YOUR ASSIGNMENT:
In the listing below, find every line with the string "this" and pull it out.

DATA SHOWN:
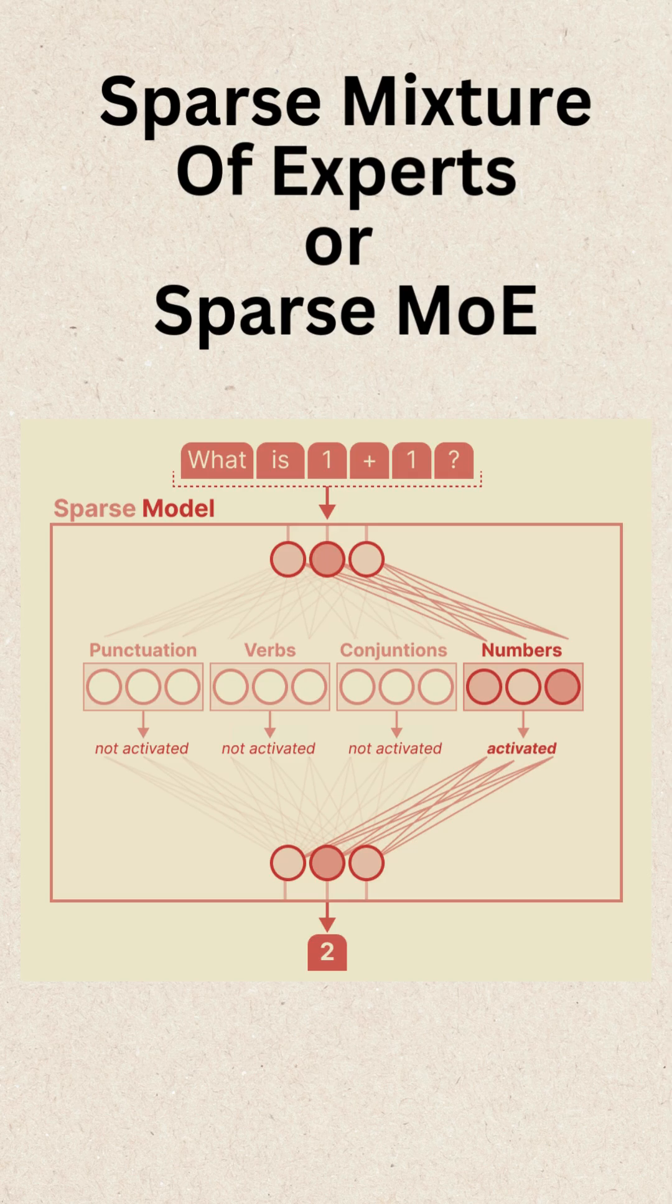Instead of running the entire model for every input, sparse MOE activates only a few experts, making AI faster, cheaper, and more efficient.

* * *

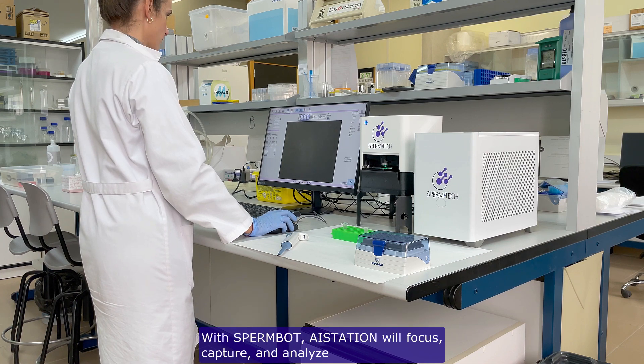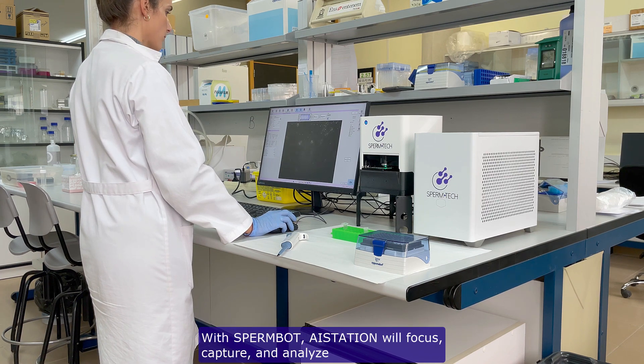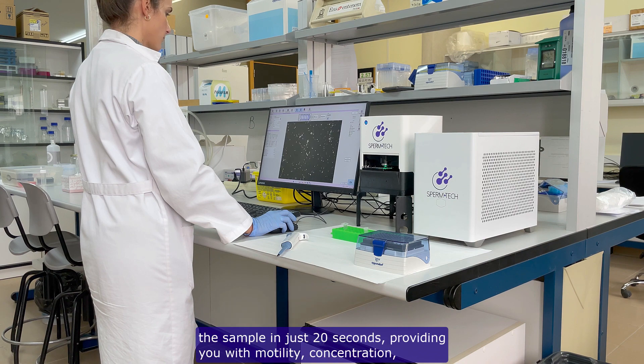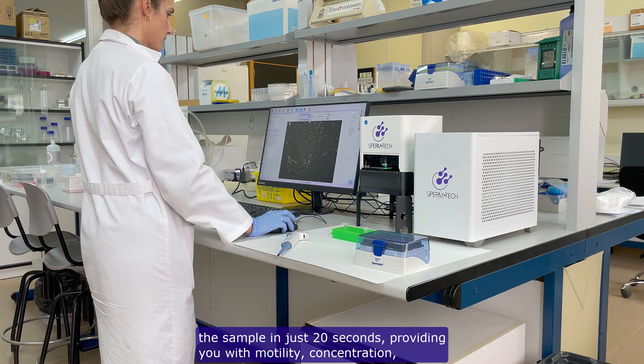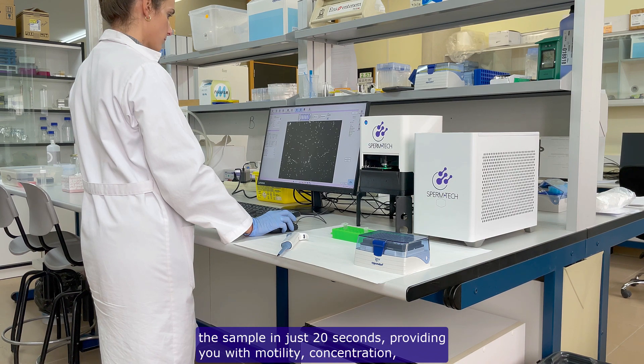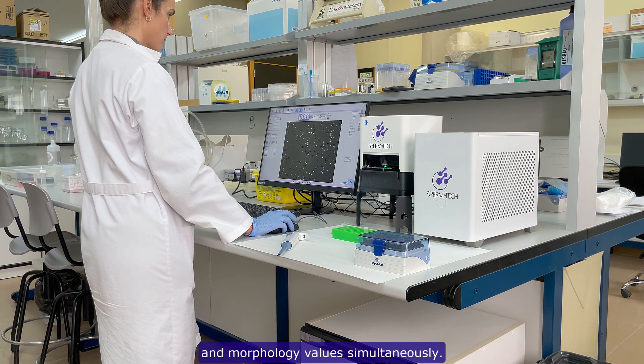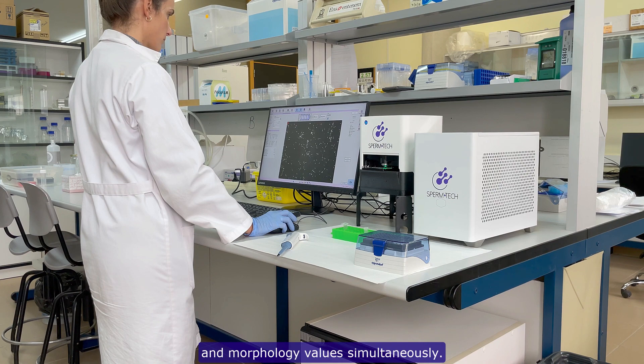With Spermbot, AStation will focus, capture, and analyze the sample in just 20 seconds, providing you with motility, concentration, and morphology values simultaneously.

* * *

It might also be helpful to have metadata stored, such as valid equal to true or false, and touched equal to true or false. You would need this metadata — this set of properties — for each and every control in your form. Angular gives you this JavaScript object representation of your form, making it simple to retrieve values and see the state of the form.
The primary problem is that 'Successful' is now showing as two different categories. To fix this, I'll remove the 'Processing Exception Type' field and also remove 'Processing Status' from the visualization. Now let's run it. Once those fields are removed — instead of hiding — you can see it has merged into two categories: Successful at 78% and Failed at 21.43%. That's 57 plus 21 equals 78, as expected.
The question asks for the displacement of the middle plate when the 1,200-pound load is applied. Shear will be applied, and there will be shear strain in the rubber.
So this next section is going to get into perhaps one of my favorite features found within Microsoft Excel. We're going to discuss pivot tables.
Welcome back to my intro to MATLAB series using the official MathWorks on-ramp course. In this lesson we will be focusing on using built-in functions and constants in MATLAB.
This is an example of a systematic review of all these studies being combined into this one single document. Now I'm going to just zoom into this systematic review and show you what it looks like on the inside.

WORKED SOLUTION:
It might also be helpful to have metadata stored, such as valid equal to true or false, and touched equal to true or false. You would need this metadata — this set of properties — for each and every control in your form. Angular gives you this JavaScript object representation of your form, making it simple to retrieve values and see the state of the form.
The primary problem is that 'Successful' is now showing as two different categories. To fix this, I'll remove the 'Processing Exception Type' field and also remove 'Processing Status' from the visualization. Now let's run it. Once those fields are removed — instead of hiding — you can see it has merged into two categories: Successful at 78% and Failed at 21.43%. That's 57 plus 21 equals 78, as expected.
So this next section is going to get into perhaps one of my favorite features found within Microsoft Excel. We're going to discuss pivot tables.
Welcome back to my intro to MATLAB series using the official MathWorks on-ramp course. In this lesson we will be focusing on using built-in functions and constants in MATLAB.
This is an example of a systematic review of all these studies being combined into this one single document. Now I'm going to just zoom into this systematic review and show you what it looks like on the inside.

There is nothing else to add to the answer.